The Qantas Group has already committed an initial A$50 million ($37m) towards the creation of a SAF industry in Australia and has partnered with Air bp to explore ways of doing so. Since early this year, SAF has comprised 15% of the fuel used by Qantas on its flights from London’s Heathrow Airport, both nonstop to Australia, and increasingly to Singapore. As well, the company signed a second major agreement with US biofuels company Aemetis in March to acquire almost 20 million litres of SAF per year from 2025 to help power its flights from airports in California – it currently serves Los Angeles and San Francisco – and has revealed that negotiations are underway to secure SAF in other offshore markets. It has also intensified its advocacy for a home-based SAF industry, urging “all levels of government to lend support to ensure Australia manufactures the biofuel like the UK, US and Europe already are.”
To further help reduce its emissions, Qantas recently announced plans to acquire up to 134 Airbus A320neo and A220-family jets to replace, over a 10-year period, its current fleet of narrowbody Boeing 737-800 and 717 twinjets. The airline expects to finalise a firm order for the first group of new Airbus jets by mid-2022, to reduce fuel burn by an estimated 20%, while the low-cost Jetstar will take delivery of the first of 18 Airbus A321LR aircraft in July. As well, Qantas International is progressively introducing Boeing 787-9 Dreamliner aircraft in place of its now-retired Boeing 747-400s, has reduced its fleet of Airbus A380s and, as part of ‘Project Sunrise’ plans to fly nonstop services from eastern Australia to London and New York, and has flagged an order for ultra-long-range and fuel-efficient Airbus A350-1000 aircraft. On the ground too, the company is aiming for further efficiencies including the electrification of vehicles where possible and, from this year, the use of 100% renewable electricity to power all Qantas Group buildings in Australia.
Recognising the interim requirement to use offset programmes to achieve carbon reduction targets, Qantas has also signed a memorandum of understanding (MoU) with the Australia and New Zealand Banking Group (ANZ) and the Japanese oil and gas exploration company Inpex Corporation to evaluate a project in Western Australia which would combine carbon farming and renewable biofuels in the Wheatbelt region, an area of equivalent size to Belgium. The project will rely upon collaboration between the three companies, landowners and rural communities.
“It provides an opportunity to support reforestation and decarbonisation using drought-resilient native tree crops, integrated with existing farming systems,” said the airline. “Having completed an extensive initial assessment of the carbon farming project, the parties will undertake a more detailed feasibility study into the harvesting and processing of native biomass crops and selected agricultural waste residues to produce low-carbon renewable biofuels. Under the MoU, the first planting of native trees is expected to take place in the [southern hemisphere] winter of 2023.”

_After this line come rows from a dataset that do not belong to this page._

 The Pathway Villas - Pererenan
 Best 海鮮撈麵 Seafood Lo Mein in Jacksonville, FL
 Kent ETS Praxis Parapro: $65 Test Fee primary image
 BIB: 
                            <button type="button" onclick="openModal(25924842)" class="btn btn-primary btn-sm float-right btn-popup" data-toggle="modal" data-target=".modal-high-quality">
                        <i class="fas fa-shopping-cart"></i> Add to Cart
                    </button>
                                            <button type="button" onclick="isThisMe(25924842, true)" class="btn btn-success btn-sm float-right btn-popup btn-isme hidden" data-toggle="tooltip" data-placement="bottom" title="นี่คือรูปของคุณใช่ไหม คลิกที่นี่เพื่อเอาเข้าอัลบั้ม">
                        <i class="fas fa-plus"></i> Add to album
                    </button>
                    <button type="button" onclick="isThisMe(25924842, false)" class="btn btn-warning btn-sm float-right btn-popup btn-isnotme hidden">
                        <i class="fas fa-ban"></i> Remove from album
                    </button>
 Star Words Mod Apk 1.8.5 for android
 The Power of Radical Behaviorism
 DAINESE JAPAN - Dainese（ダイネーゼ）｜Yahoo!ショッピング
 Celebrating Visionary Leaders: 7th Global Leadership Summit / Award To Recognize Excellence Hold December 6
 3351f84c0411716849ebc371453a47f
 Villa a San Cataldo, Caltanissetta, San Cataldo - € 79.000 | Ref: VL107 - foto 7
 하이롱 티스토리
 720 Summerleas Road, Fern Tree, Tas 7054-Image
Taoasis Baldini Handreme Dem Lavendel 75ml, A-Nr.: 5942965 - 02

Qantas Group Chairman Richard Goyder added: “It’s exciting to see technological advances overseas, particularly in the development of sustainable aviation fuel. Australia already produces significant amounts of feedstock for sustainable aviation fuel, but exports it to other countries. In the future, these feedstocks could be used to build a domestic industry, creating jobs and fuel security here in Australia. It’s not just a huge opportunity, it is the right thing to do. Achieving net zero emissions targets will not be easy and it will take sustained and cooperative action by everyone at the Qantas Group, as well as the entire global aviation value chain, governments and investors. Supportive government policy is critical for the aviation industry to transition to low and zero-emissions technologies.”
Goyder’s remarks echoed those of the Sustainable Aviation Fuels Alliance of Australia and New Zealand (SAFAANZ), an advocacy group which has just released a report titled ‘Bridging The Price Gap For Sustainable Aviation Fuel’ to support the urgent creation of a SAF industry in Australia.

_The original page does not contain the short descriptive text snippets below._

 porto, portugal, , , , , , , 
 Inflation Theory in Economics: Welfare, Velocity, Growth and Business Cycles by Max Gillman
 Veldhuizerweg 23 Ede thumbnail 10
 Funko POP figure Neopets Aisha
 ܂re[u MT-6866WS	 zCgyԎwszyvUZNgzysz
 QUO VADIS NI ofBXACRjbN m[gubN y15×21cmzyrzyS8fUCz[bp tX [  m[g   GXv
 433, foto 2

The report recommends an initial SAF blending mandate of 2.5% in Australia, increasing to 3% by 2030. A 2.5% requirement would require approximately 235 million litres of SAF to be integrated into the aviation fuel supply chain. This volume would be sufficient to warrant the construction of at least one SAF refinery in Australia, adds the report.
“Following the lead of the UK and its Jet Zero Council, Australia should immediately establish a Jet Council to connect the state and federal governments with aviation industry stakeholders to guide the ongoing development of sustainable aviation policies,” said Shahana McKenzie, CEO of industry group Bioenergy Australia, which established the SAFAANZ to highlight and push for local SAF production in both Australia and New Zealand, the latter having recently flagged plans to introduce a SAF blending mandate.

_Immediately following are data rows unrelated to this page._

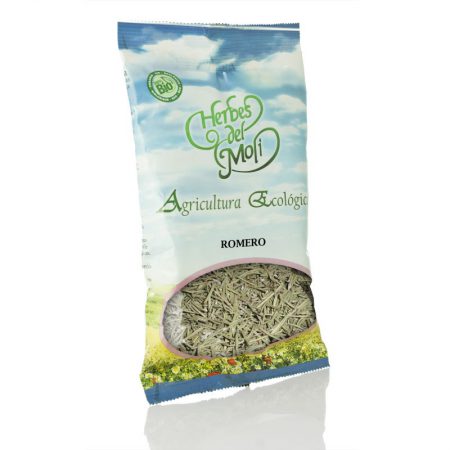 ROMERO HOJAS ECO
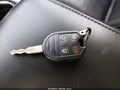 2011 Ford Edge — photo 11 of 12 | VIN 2FMDK3KC3BBA88527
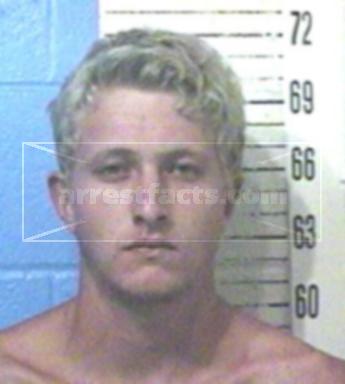 Dustin Michael Doyle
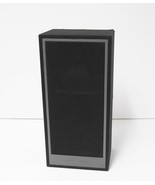 Definitive Technology DM90 Dymension Integrated Height Module Speaker (E... - $2,261.49 MXN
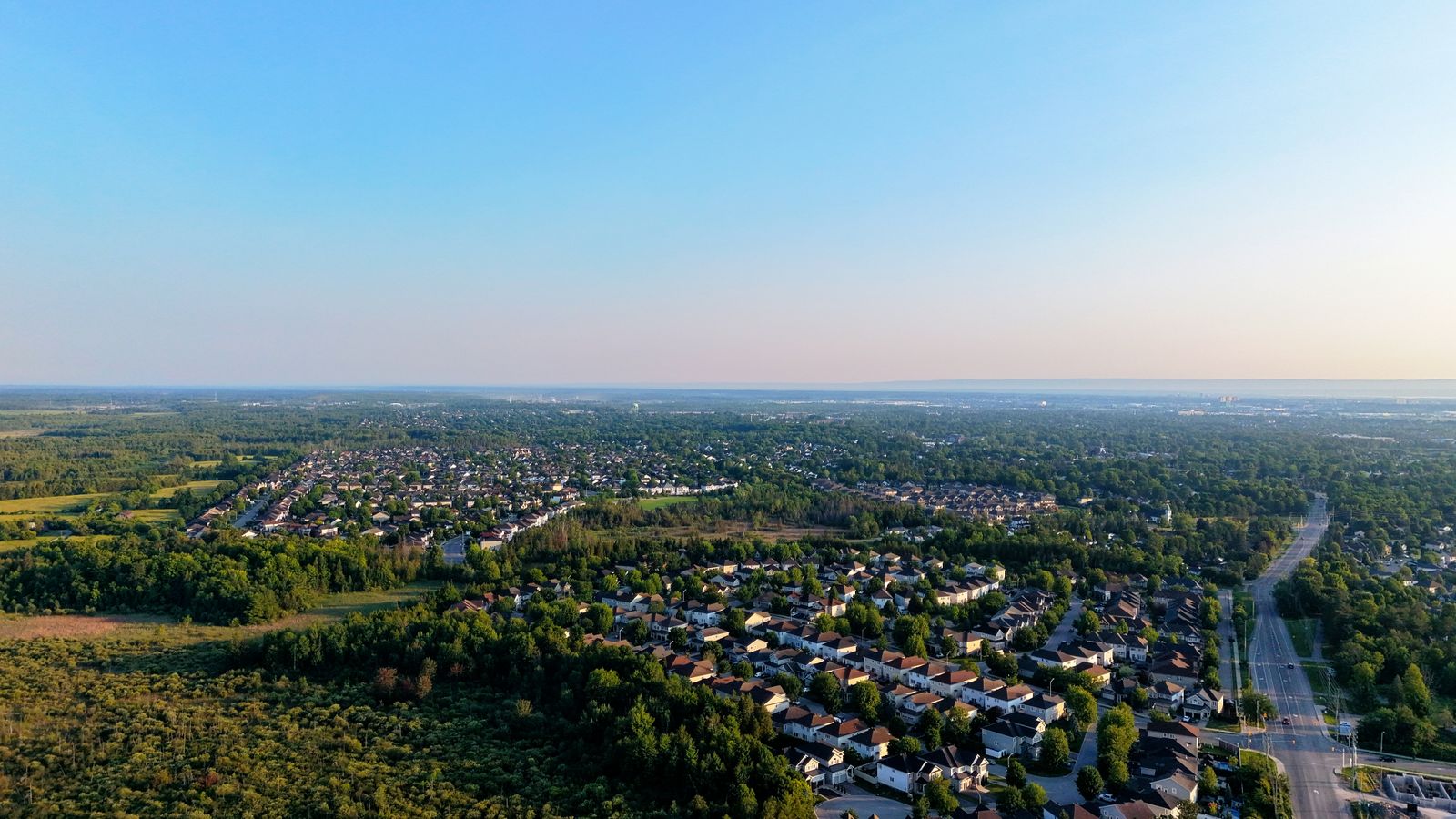 🏡 Is Orleans Ottawa’s Most Underrated Suburb? A Deep Dive for Buyers in 2025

The group has 22 members from the aviation and energy sectors, among them Qantas, Air New Zealand and Virgin Australia – the three largest airlines in the Australasian market – plus the region’s largest airport, Sydney Kingsford-Smith, the new Western Sydney Airport, which is due to open in 2026, and Boeing. Other members include major waste-to-fuels producer Neste and SAF specialists LanzaJet, World Fuel Services and Gevo.
“Robust policy frameworks and financial mechanisms are needed to unlock Australia’s SAF industry potential,” says the report, and recommended capital support and production subsidies, a national framework for voluntary purchasing by consumers and an emissions intensity scheme.
“As a priority,” said McKenzie, “the Jet Council would work with the various levels of government, along with key industry participants, to guide and support pathways for SAF research and development in Australia, as well as guide the design and implementation of policies to overcome existing barriers to SAF development.”
The SAF report has landed as the Australian government – globally criticised during Glasgow’s COP26 summit as a climate action laggard – prepares for a general election, in which the impact of climate change and the need to accelerate decarbonisation are expected to be key issues following recent catastrophic floods and bushfires. The report highlighted the Australian Bioenergy Roadmap, released late last year by the federal government, which identified the significant environmental benefits of SAF use and economic growth from SAF production. “The Bioenergy Roadmap showed that Australia could be producing 18% of the country’s aviation fuel market by 2030 if a favourable policy and market environment existed,” said SAFAANZ Chair Heidi Hauf, who is also Boeing’s Regional Sustainability Lead for Asia-Pacific.
“Australia could be the SAF capital of the Asia-Pacific region, if we act now,” added McKenzie. “Beyond emissions reduction, this initiative supports jobs in regional Australia, economic development and fuel security.”